Notre établissement, a-t-il été hier le théâtre d’une mauvaise production. Une hospitalisation programmée aurait-elle été maquillée en extraction d’urgence ?
L’accumulation de mauvaises décisions, aurait-elle conduit à la mise en danger des agents ?
L’ « URGENCE » débuterait le mardi 4 mars. Une détenue se casse le poignet en tapant dans un mur. Elle sera prise en charge par l’USMP le 4, le 5, mais également le 6 mars. Lundi 10 mars, le mauvais vaudeville commence.
Les pompiers se présentent à l’établissement pour le transport à l’hôpital d’une urgence. Personne n’est avisé.
Dans un premier temps, l’extraction ne se fait pas et les pompiers repartent.

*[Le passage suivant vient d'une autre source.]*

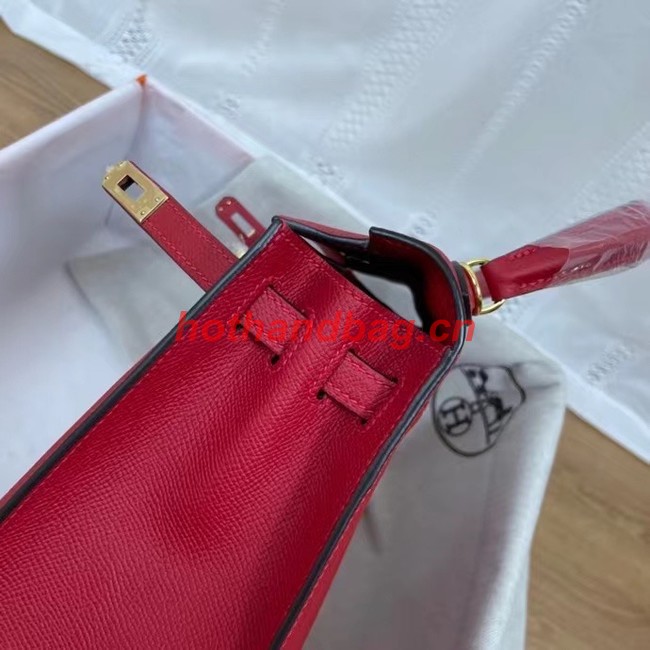 Hermes Kelly 25cm Shoulder Bags Epsom KL2755 red&gold-Tone Metal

Puis magie d’un mauvais scénario, l’urgence qui n’en était plus une, redevient une urgence. L’extraction d’urgence a finalement lieu. Arrivé sur place les agents pénitentiaires constatent une certaine cacophonie concernant la communication entre les services médicaux. Certains personnels soignants vont s’étonner auprès des agents pénitentiaires que la détenue soit présente, car selon les propos de certains
cette dernière devait être opérée sous une quinzaine. Ils informent les agents qu’ils vont être renvoyés vers l’établissement pénitentiaire. Les différentes hiérarchies sont avisées. Un miracle médico-pénitentiaire intervient alors. Les agents apprennent qu’un bloc a été libéré et que la détenue sera opérée le mardi 11. La relève police pour la garde statique n’interviendra que pendant le service de nuit vers minuit. Au final, ce sont trois agents pénitentiaires (non habilités ELSP) qui ont été amputés du service de jour comme du service de nuit pour être mobilisés en mission extérieure sur la voie publique durant plus de 12H avant la prise en charge par les forces de l’ordre.
Une intervention programmée a-t-elle été transformée en intervention d’urgence pour contourner le système ? La sécurité des personnels au sein de l’établissement, sur la voie publique et de l’ensemble des citoyens est en jeu. Après le massacre d’Incarville, FO JUSTICE estime que le doute sur ce point n’est pas permis !
FO Justice exige que la lumière soit faite sur les circonstances de cette hospitalisation. Ce n’est pas la première fois que les personnels font remonter à leur hiérarchie leurs doutes quant à d’éventuelles extractions programmées déguisées en extractions d’urgences.
FO Justice exige l’application immédiate de la réglementation concernant l’utilisation des ELSP sur le CP de Perpignan.
FO Justice félicite les personnels pour le professionnalisme et la résilience dont ils ont fait preuve malgré la situation ubuesque à laquelle ils ont été confrontés.
FO Justice exige un apport de personnel immédiat pour pallier le sous- effectif chronique.